● **WHAT IS EXPECTED**: Reproduce only this stretch of the listing below: from the line with "Double-V apartment - Image 4" through the line with "NIKE - AIR JORDAN 3 RETRO Men - Rev Online", exactly as written, with pictures excluded.

━━━━━ DATA EXCERPTS ━━━━━

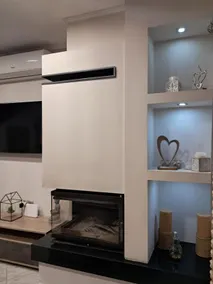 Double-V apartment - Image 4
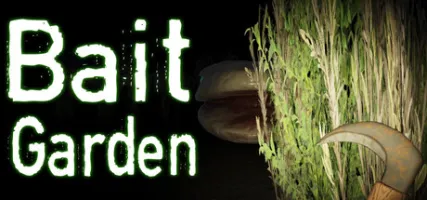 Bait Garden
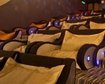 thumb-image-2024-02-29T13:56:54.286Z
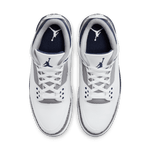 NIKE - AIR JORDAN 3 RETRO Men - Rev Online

━━━━━
━━━━━ DATA EXCERPTS ━━━━━

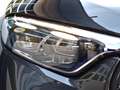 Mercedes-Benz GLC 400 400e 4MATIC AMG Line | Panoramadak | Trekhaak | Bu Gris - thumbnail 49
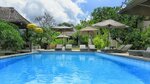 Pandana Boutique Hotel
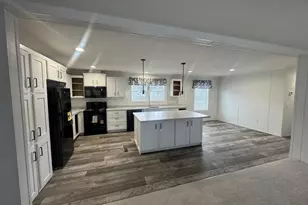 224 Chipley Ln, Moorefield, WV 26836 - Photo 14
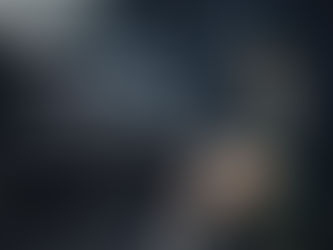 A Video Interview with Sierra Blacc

━━━━━

● **RESULT OF THIS TASK**:
 Double-V apartment - Image 4
 Bait Garden
 thumb-image-2024-02-29T13:56:54.286Z
 NIKE - AIR JORDAN 3 RETRO Men - Rev Online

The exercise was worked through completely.